March 19, 2007
Michel, the Belge
Would the last commissioner to leave please turn out the lights? That’s a gross exaggeration of course, but nevertheless, news of two commissioners’ getting more involved in “the countries they know best”, as the euro-euphemism goes, gave a certain fin de regime feel on Monday halfway through the Commission’s five-year term.
Louis Michel, the development commissioner, is taking a month’s unpaid leave in May and June to stand for election in Belgium. Well, not quite: he is campaigning, running last on the list of his French-speaking Liberal party for the Senate, doubtless requiring a 50 per cent swing or something to be elected.
Margot Wallstrom, the communications commissioner, has agreed to run a strategy group for Sweden’s opposition party on Europe. It emerged yesterday that she had forgotten to tell her boss, Jose Manuel Barroso.
Both have long been at the centre of rumours they could return to national politics. Wallstrom remains one of the most popular politicians in the Social Democrat party, now that leader Goran Persson lost the election.
But she would have to enter parliament to become leader, and despite making little headway in her avowed aim of connecting the EU with its citizens is unlikely to give up just yet.
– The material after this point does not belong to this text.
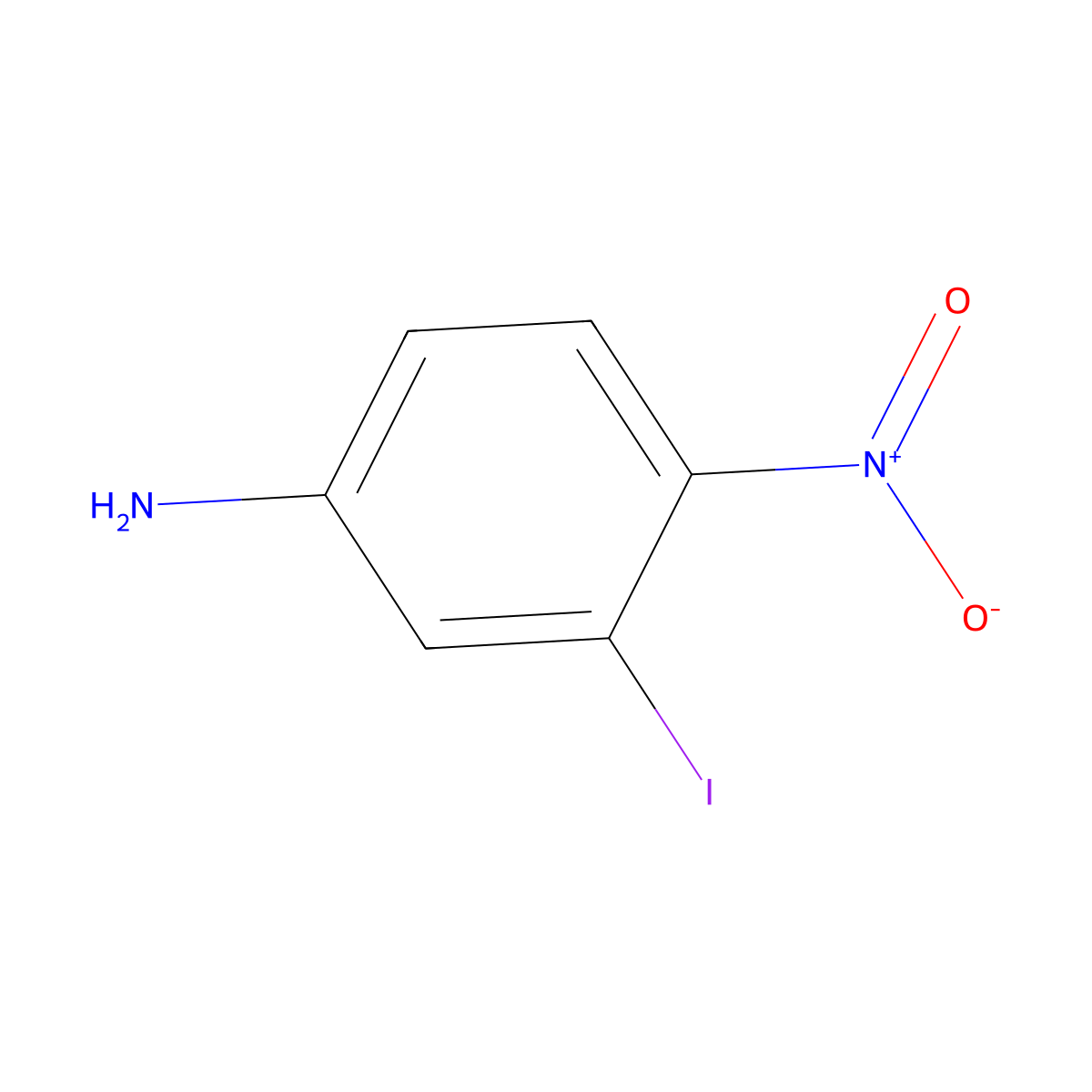 3-Iodo-4-nitroaniline molecular structure, CAS 721925-18-4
Michel, who got his boss’s blessing, has an outside chance of being prime minister, since he is that rare beast, a Francophone Belgian who speaks good Flemish and is reasonably well known. For more than 30 years Belgium has had a Flemish prime minister but with the country’s two main linguistic communities divided as never before it could be time for a change.
Presumably if he is called others could drop off the list to give him a Senate seat. Michel’s spokesman said yesterday that he intended to return to the Commission but the result might change things.
What it means for the EU’s relations with Africa is anyone’s guess. Of course the civil servants will still beaver away between May 12 and June 10, led by enlargement commissioner Olli Rehn, who will be covering. Rehn’s aides were playing up his interest in Africa yesterday. The Finn joined the anti-apartheid movement in the early 1980s and served on the board of the Centre for Development and Co-operation.
Perhaps the mild-mannered Rehn, in between sorting out Kosovo and Cyprus, will usher in a wind of change in development policy. After all, relations with (at least Anglophone) African countries could not be much worse. A senior Nigerian trade official almost walked out of a meeting this month in protest at Michel’s finger-wagging style. His minister, Aliyu Modibbo Umar, backed him up. “Louis Michel is trying to bully everyone”, he told me. “We take exception to being patronised. We are not beggars…but partners in development.”